::: Given records :::

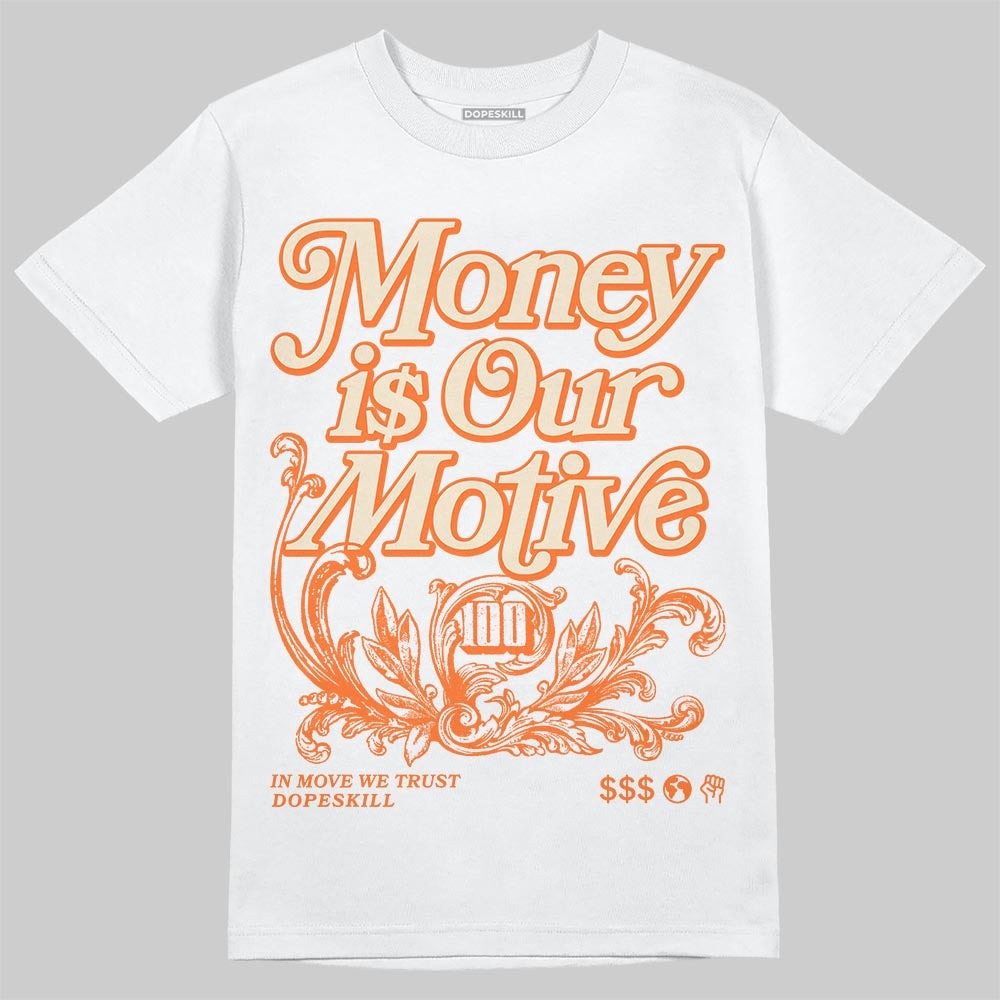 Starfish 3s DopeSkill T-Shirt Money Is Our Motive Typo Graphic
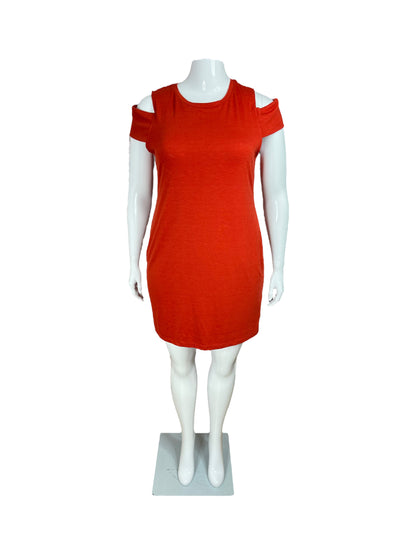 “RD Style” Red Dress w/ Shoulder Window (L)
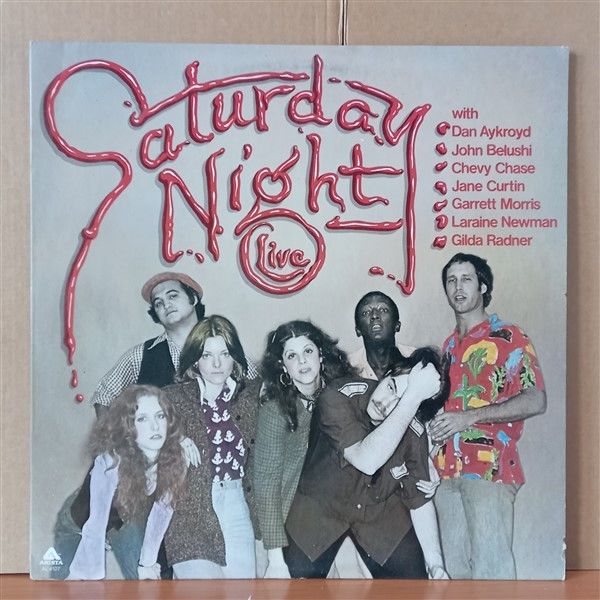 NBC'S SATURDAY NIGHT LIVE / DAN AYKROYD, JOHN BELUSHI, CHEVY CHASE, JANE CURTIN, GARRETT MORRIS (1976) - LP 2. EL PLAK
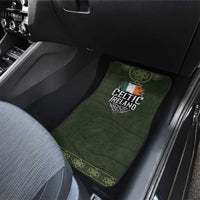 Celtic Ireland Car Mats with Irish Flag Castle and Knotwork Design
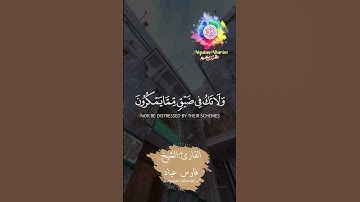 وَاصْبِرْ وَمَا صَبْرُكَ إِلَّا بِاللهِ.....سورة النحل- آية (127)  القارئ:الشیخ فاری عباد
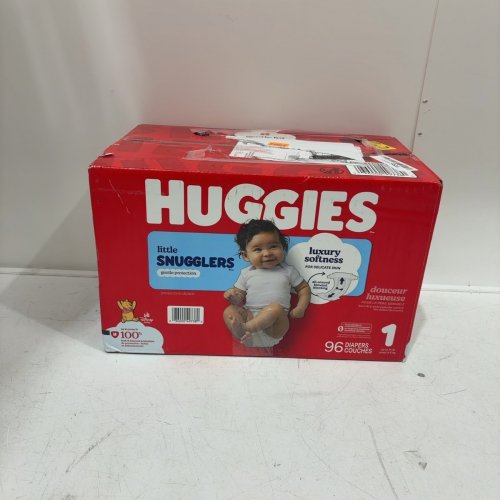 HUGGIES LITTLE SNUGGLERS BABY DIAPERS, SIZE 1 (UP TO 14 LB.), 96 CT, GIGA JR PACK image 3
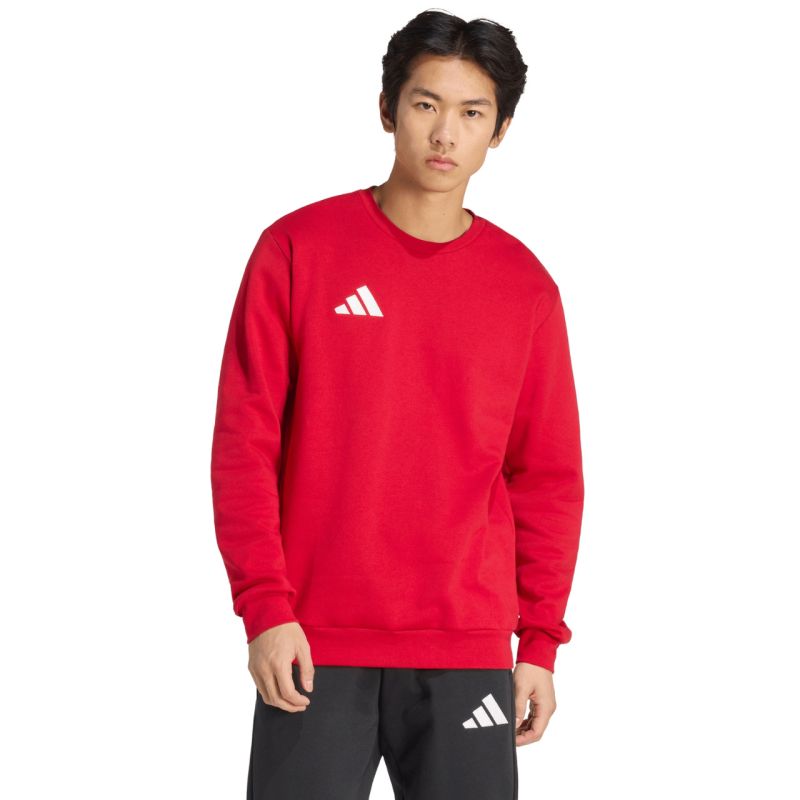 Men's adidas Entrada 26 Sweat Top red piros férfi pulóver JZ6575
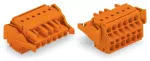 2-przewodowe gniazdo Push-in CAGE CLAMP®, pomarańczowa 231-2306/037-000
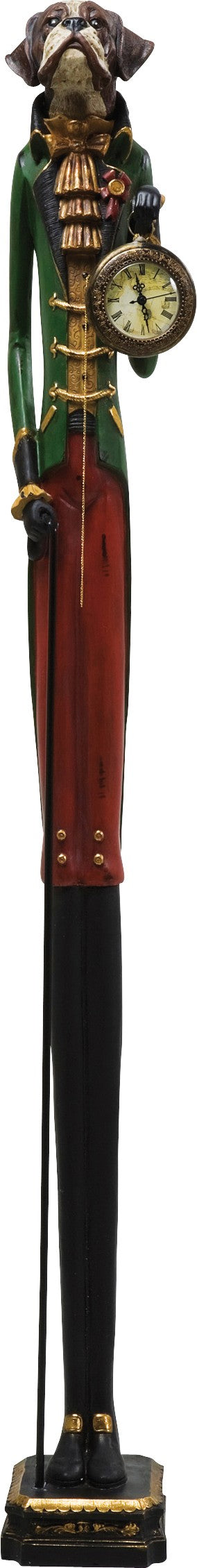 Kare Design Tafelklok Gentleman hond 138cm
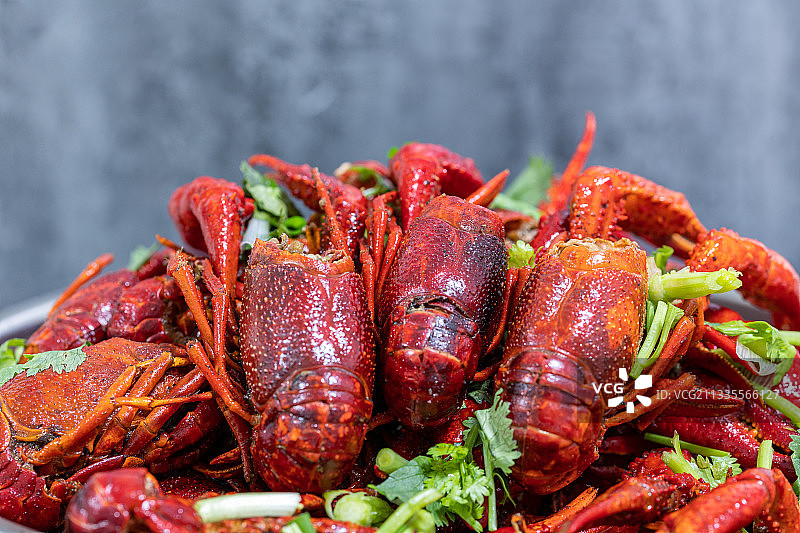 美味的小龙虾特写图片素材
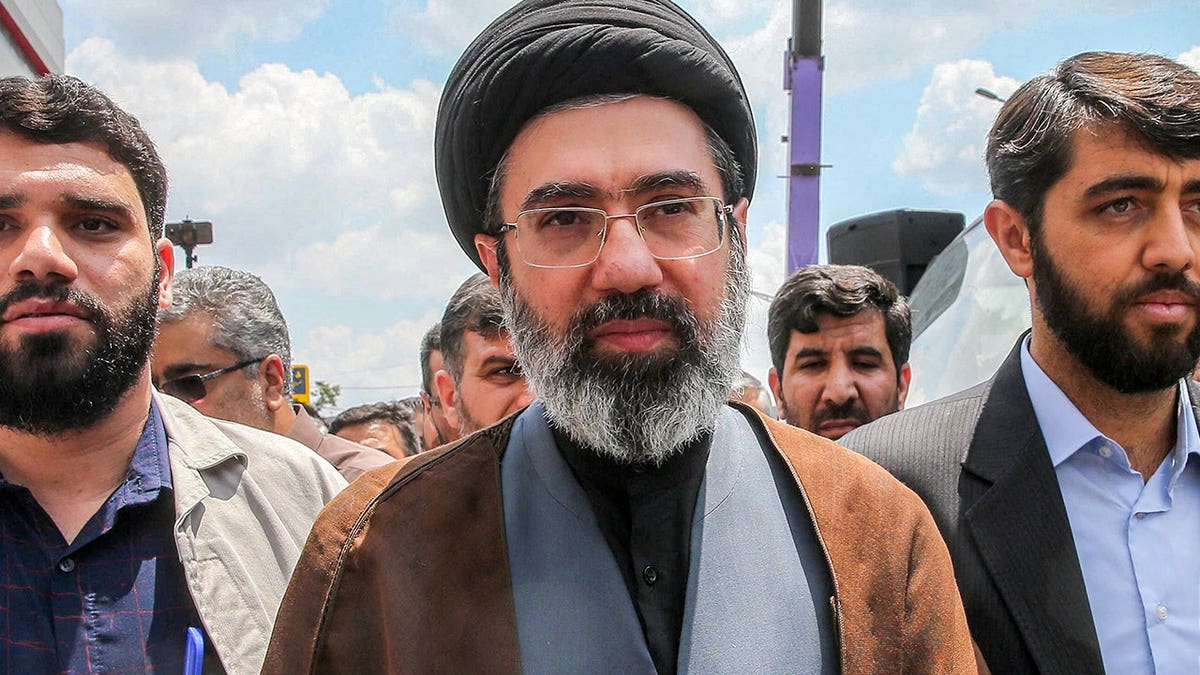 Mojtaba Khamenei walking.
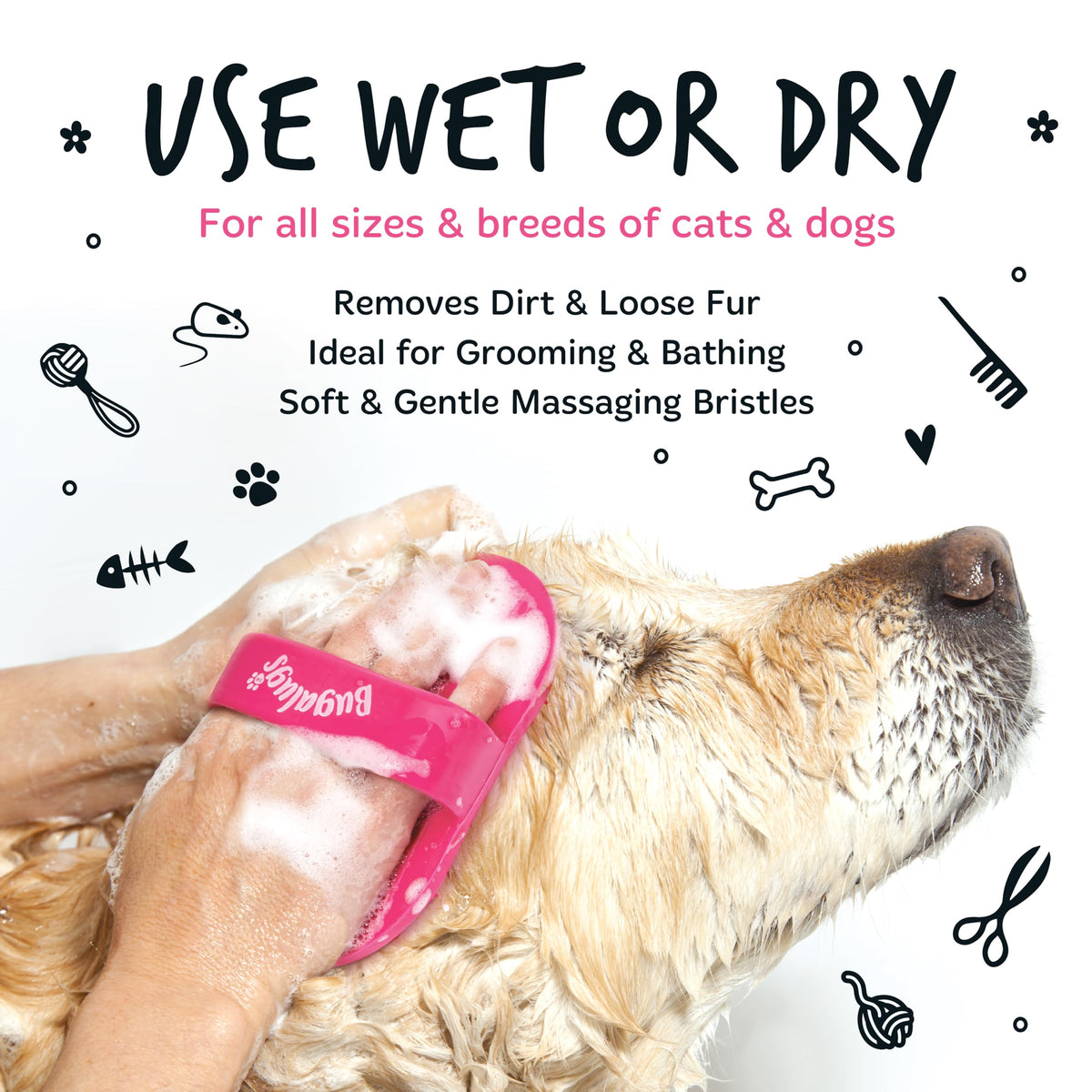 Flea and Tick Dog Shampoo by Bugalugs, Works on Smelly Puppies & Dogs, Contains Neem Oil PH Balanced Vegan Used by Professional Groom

:::

Work order: Because the pictures are not wanted, retype only the text of every record, exactly as given.

Written response:
 Starfish 3s DopeSkill T-Shirt Money Is Our Motive Typo Graphic
 “RD Style” Red Dress w/ Shoulder Window (L)
 NBC'S SATURDAY NIGHT LIVE / DAN AYKROYD, JOHN BELUSHI, CHEVY CHASE, JANE CURTIN, GARRETT MORRIS (1976) - LP 2. EL PLAK
 Celtic Ireland Car Mats with Irish Flag Castle and Knotwork Design
 وَاصْبِرْ وَمَا صَبْرُكَ إِلَّا بِاللهِ.....سورة النحل- آية (127)  القارئ:الشیخ فاری عباد
 HUGGIES LITTLE SNUGGLERS BABY DIAPERS, SIZE 1 (UP TO 14 LB.), 96 CT, GIGA JR PACK image 3
 Men's adidas Entrada 26 Sweat Top red piros férfi pulóver JZ6575
 2-przewodowe gniazdo Push-in CAGE CLAMP®, pomarańczowa 231-2306/037-000
 Kare Design Tafelklok Gentleman hond 138cm
 美味的小龙虾特写图片素材
 Mojtaba Khamenei walking.
 Flea and Tick Dog Shampoo by Bugalugs, Works on Smelly Puppies & Dogs, Contains Neem Oil PH Balanced Vegan Used by Professional Groom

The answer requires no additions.